Desse aconchego saíram as culturas, as línguas, as civilizações. O salto para as terras, os mares e os espaços. A busca do universo interior, com suas complexas extensões, pari passu, com as aventuras no universo exterior e suas colossais vastidões.

Finalmente, eis o humano, na sua saga em busca de si mesmo, postado em uma sala de aula, frente às construções simbólicas que a compõem, como o quadro negro, as carteiras, lápis, borracha e o livro. O dia é aberto pelo professor, que fala de competição, de luta, de sucesso, da necessidade de muito estudo para se conseguir um emprego, quando tantos outros estarão lutando também por ele.

Nesse momento, algo como um centauro aparece na frente desse nosso aluno, igual a tanto milhares de jovens que passam a ouvir essa ladainha dos mais velhos e acabam tomando-a como verdade. Esse centauro que surge, metade homem, metade animal, diz exatamente do inverso que caracteriza toda a epopéia humana. É o caos, o monstruoso, o teratológico. É a entropia, a desorganização, o descomedimento, a loucura. Personagem que sempre aflora na história humana, como se fosse o contraponto de todo o seu brilho. Nesse momento tomamos contato com a sombra que não nos larga. Se, através dos séculos, representamos como expressão máxima da nossa capacidade a convivência, nunca deixamos de vislumbrar o nosso contrário, aguerra de todos contra todos. Essa forma deturpada de vida, onde cada um objetiva prejudicar os outros em função dos seus interesses particulares pode nos iludir como sendo a causa do nosso sucesso, da nossa sobrevivência e a solução para o nosso futuro.

Mas os escândalos que tomam as manchetes dos nossos jornais nos mostram outra história. Fatos escandalosos, absurdos, horrorosos são expressão desse mundo de luta de todos contra todos. Eles se mostram como ataques dolorosos à nossa essência humana, que se constituiu na esfera da convivência, tentando sempre isolar e evitar esse tipo de guerra e terror. Agora, na altura do terceiro milênio, cá estamos, sociedade humana, vivendo aquilo que nos nega como sociedade, lutando para não tomarmos esses fatos como comuns, próprios ou triviais, enquanto muitos dizem que sim – "sempre foi assim ...".

Não são.

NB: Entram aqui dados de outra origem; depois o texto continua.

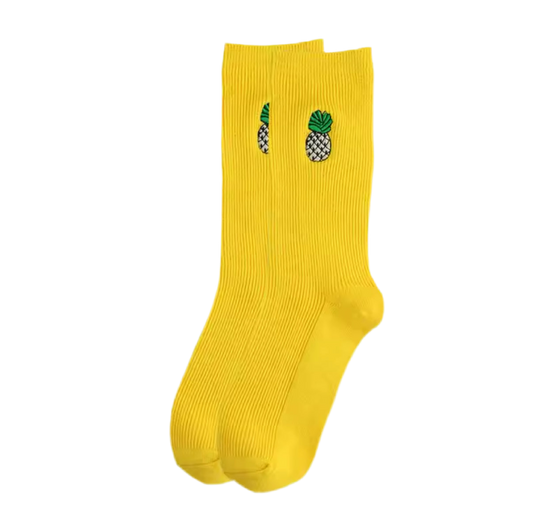 chaussettes ananas brodee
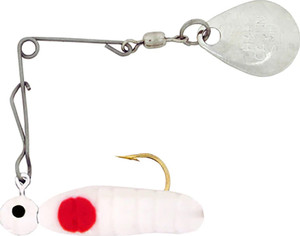 H & H - Cajun Grub Spin-nickel - 1/32oz White/red Dot - CGS-13N
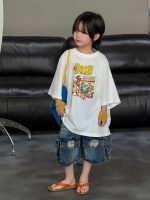 【100-150cm】Tシャツ ラウンドネック 半袖 プリント カジュアル - 画像 (3)
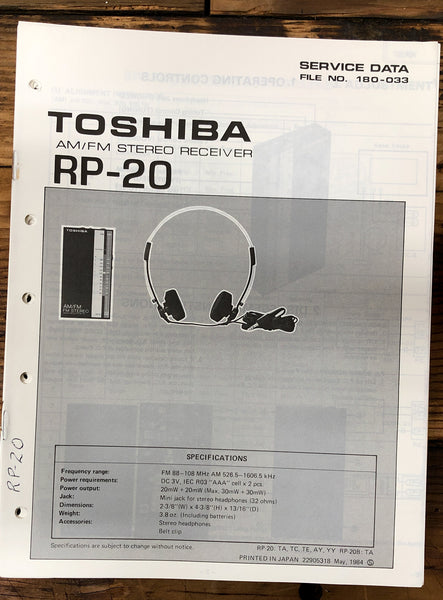 Toshiba RP-20 Radio / Stereo  Service Manual *Original*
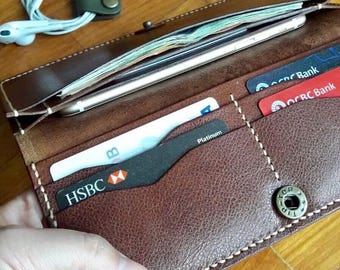 Classic Leather Long Wallet Pattern | Card Holder Template | PDF Digital Download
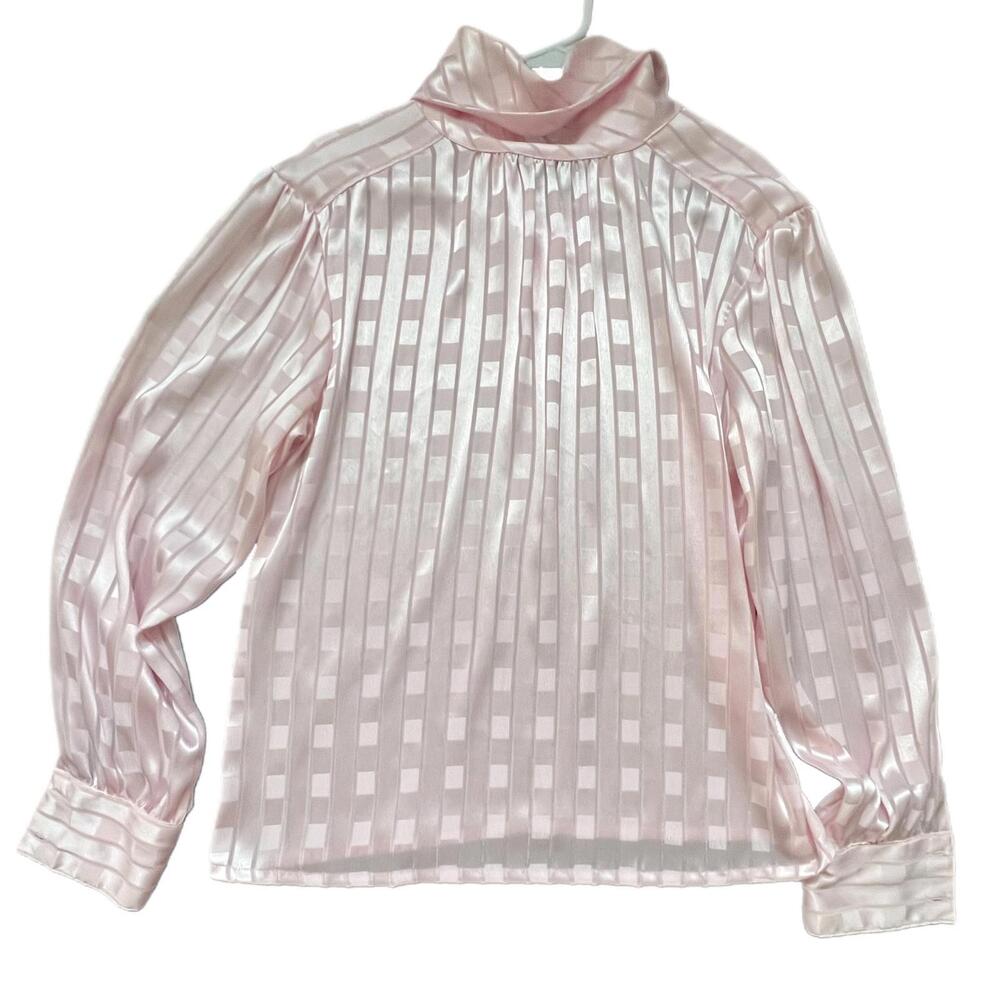 VTG Shapely Polyester High Neck Pink Blouse‎ - 10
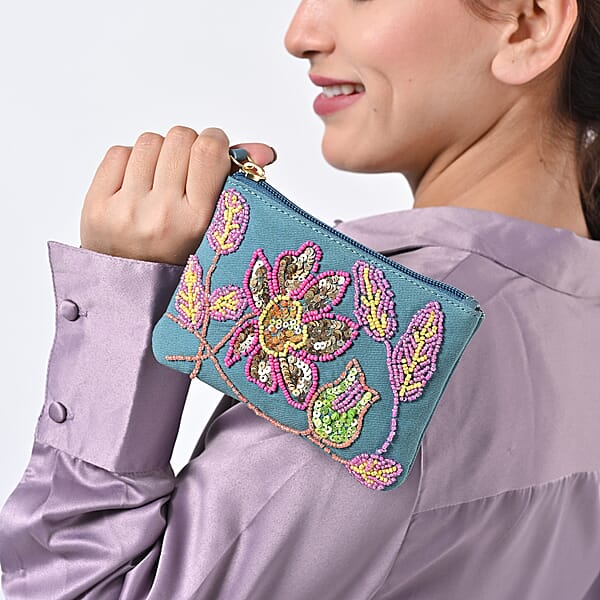 Shop Lc Blue Genuine Leather Floral Pattern Embellishment Pouch With Top Zip Closure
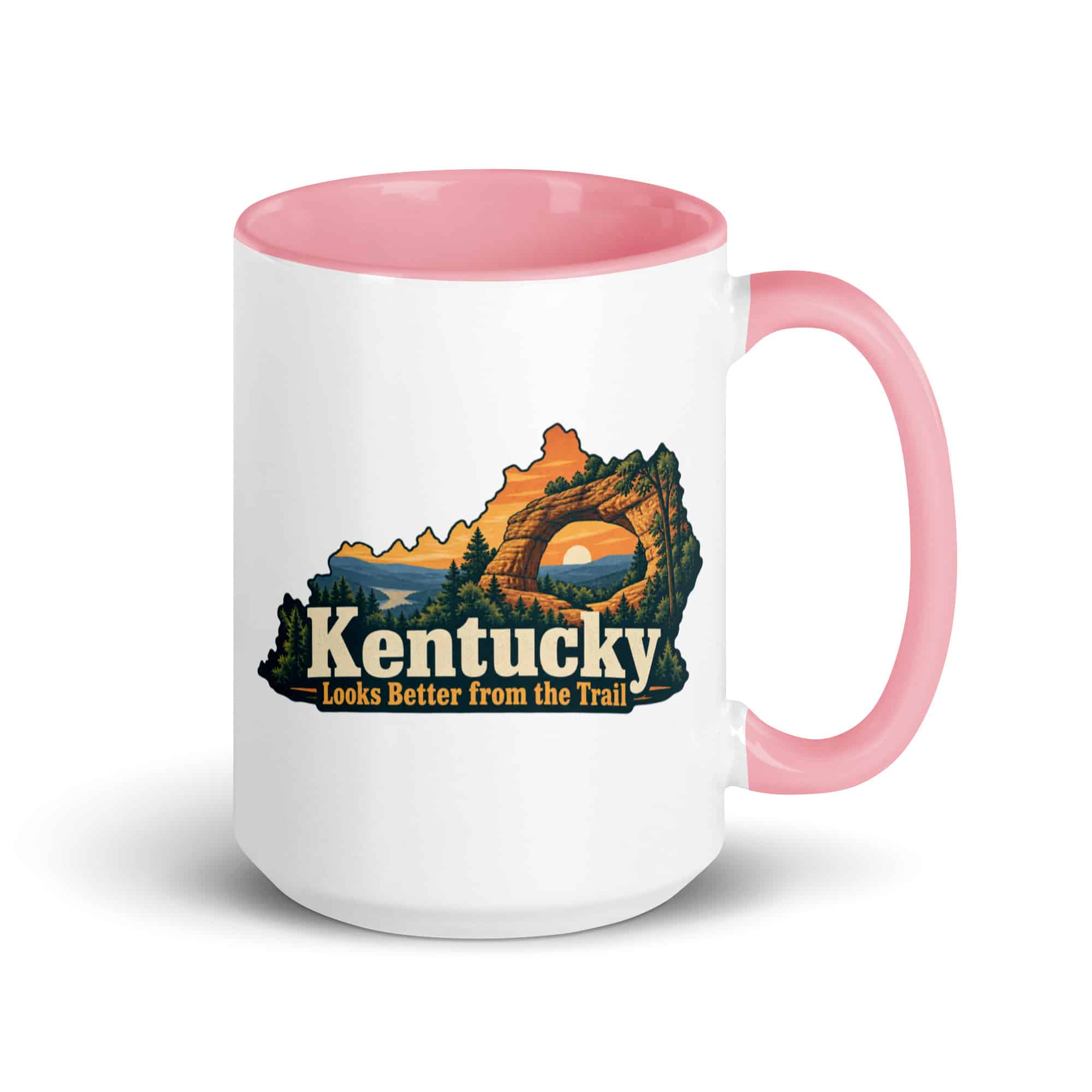 Kentucky Color Inside Coffee Mug: Sandstone arch and forest, Colorful Kentucky Silhouette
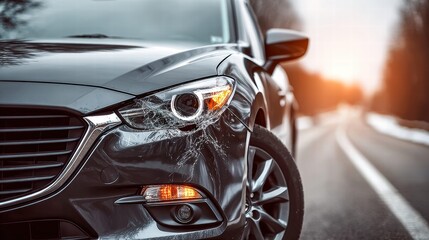 Car with broken headlight on the side of the road after an accident.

Não podemos nunca colocá-los como corriqueiros, porque não são. Todaguerra é um fato espetacular, uma tragédia, um lesa-humanidade, porque nega a essência do que somos, não como possuidores de uma nacionalidade, não como contemporâneos, mas como humanos. E é também na escola que essa convicção se assenta, se firma, se enraíza. É nela que uma educação para o outro, para com o outro deve se realizar. Do contrário, a própria escola, quando educa para a guerra, passa a vivenciar, como realidade do seu dia a dia, todas as lições que conseguiu ministrar.